→ **What the task requires**
Output every line below as it stands, dropping only the images.

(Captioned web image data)

+===+

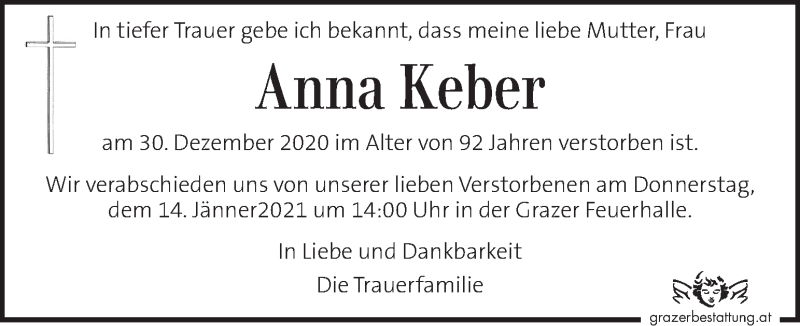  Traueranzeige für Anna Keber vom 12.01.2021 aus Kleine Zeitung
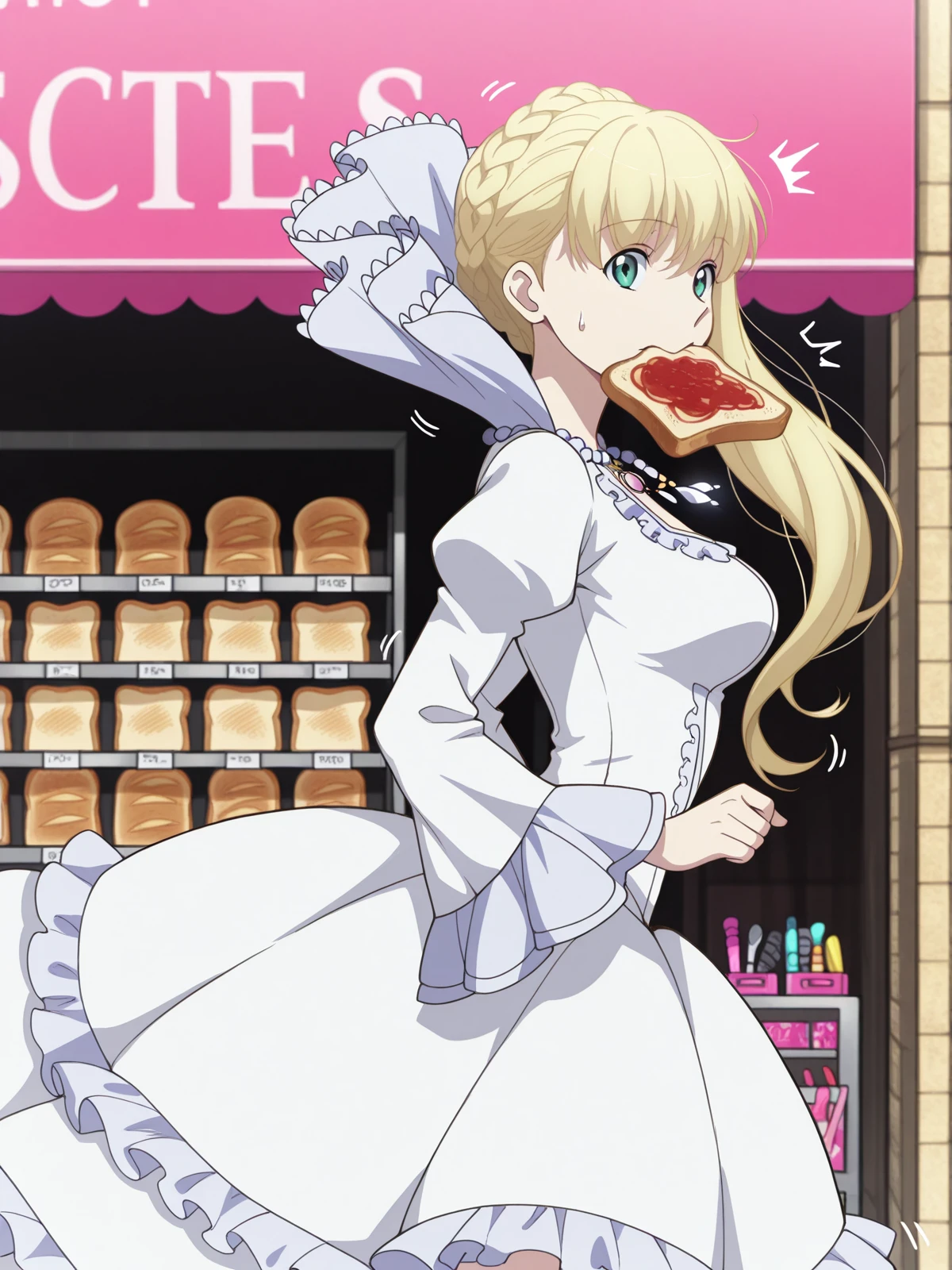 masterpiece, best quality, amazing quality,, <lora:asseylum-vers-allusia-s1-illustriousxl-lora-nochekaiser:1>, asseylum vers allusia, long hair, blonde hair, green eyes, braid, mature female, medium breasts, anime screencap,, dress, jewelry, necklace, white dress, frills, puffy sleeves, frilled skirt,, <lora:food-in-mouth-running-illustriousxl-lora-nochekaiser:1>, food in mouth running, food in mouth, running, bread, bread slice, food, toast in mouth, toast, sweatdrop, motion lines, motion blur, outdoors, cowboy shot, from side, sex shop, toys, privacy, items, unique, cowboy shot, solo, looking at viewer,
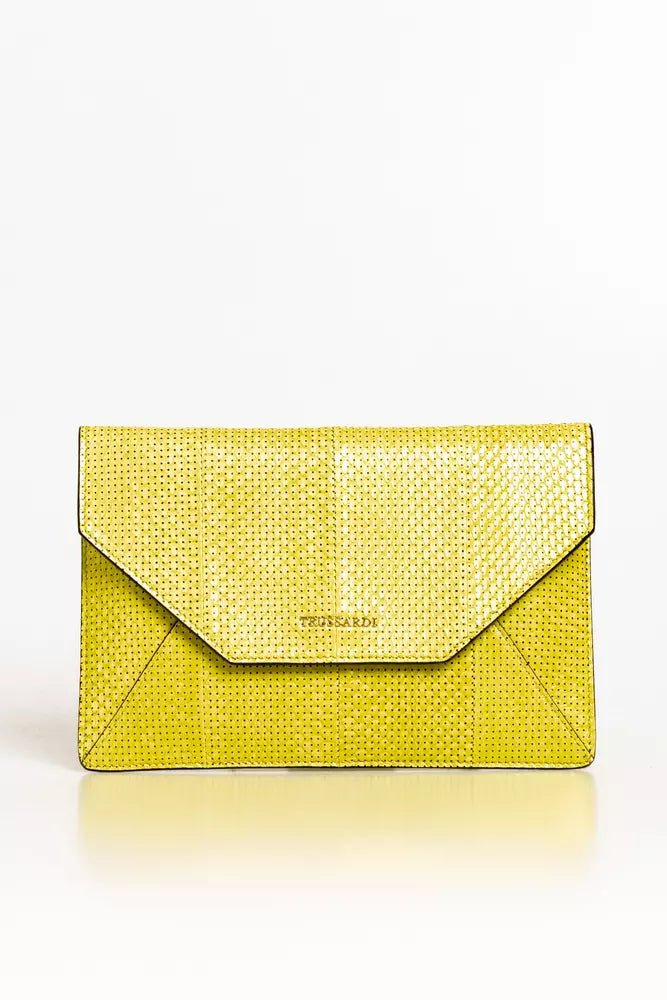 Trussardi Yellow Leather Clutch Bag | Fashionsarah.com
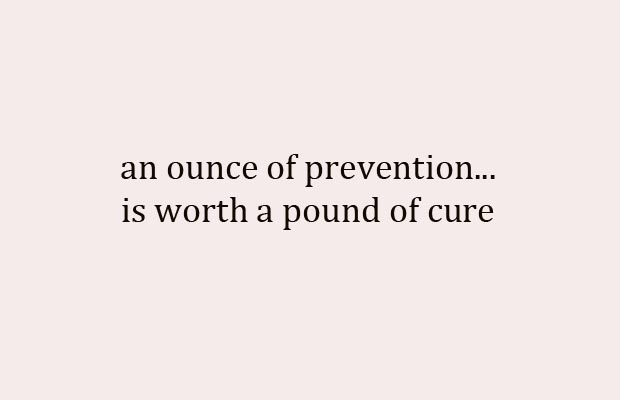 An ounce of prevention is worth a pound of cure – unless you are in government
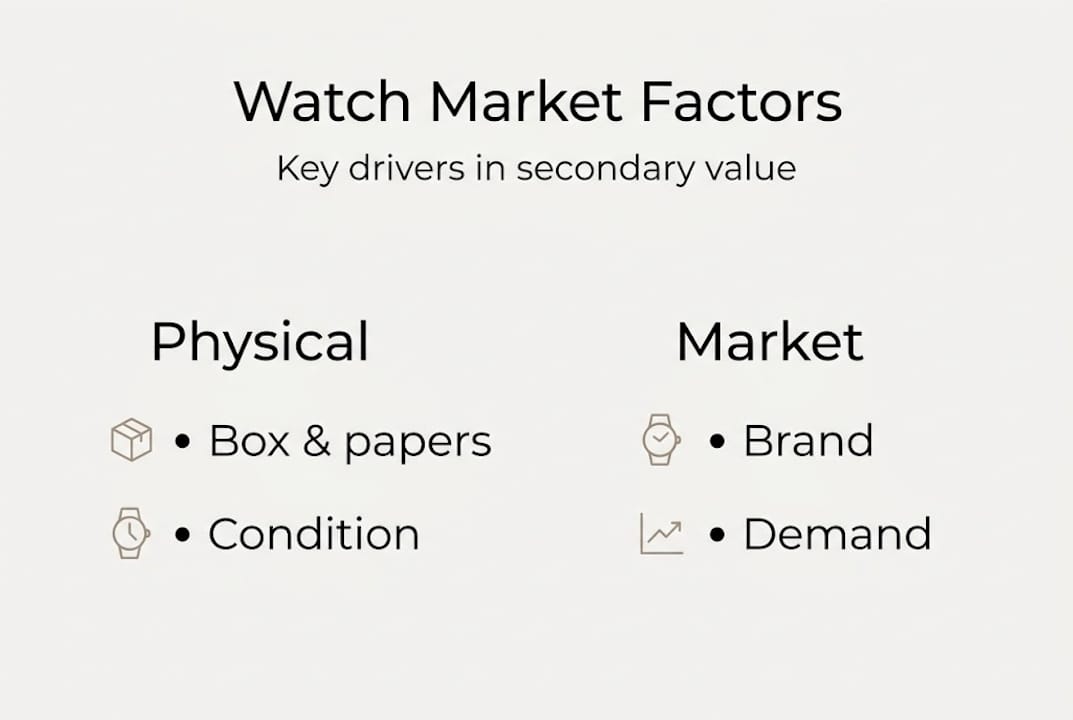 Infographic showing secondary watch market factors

+===+

→ **Task solution**
  Traueranzeige für Anna Keber vom 12.01.2021 aus Kleine Zeitung
 masterpiece, best quality, amazing quality,, <lora:asseylum-vers-allusia-s1-illustriousxl-lora-nochekaiser:1>, asseylum vers allusia, long hair, blonde hair, green eyes, braid, mature female, medium breasts, anime screencap,, dress, jewelry, necklace, white dress, frills, puffy sleeves, frilled skirt,, <lora:food-in-mouth-running-illustriousxl-lora-nochekaiser:1>, food in mouth running, food in mouth, running, bread, bread slice, food, toast in mouth, toast, sweatdrop, motion lines, motion blur, outdoors, cowboy shot, from side, sex shop, toys, privacy, items, unique, cowboy shot, solo, looking at viewer,
 Trussardi Yellow Leather Clutch Bag | Fashionsarah.com
 An ounce of prevention is worth a pound of cure – unless you are in government
 Infographic showing secondary watch market factors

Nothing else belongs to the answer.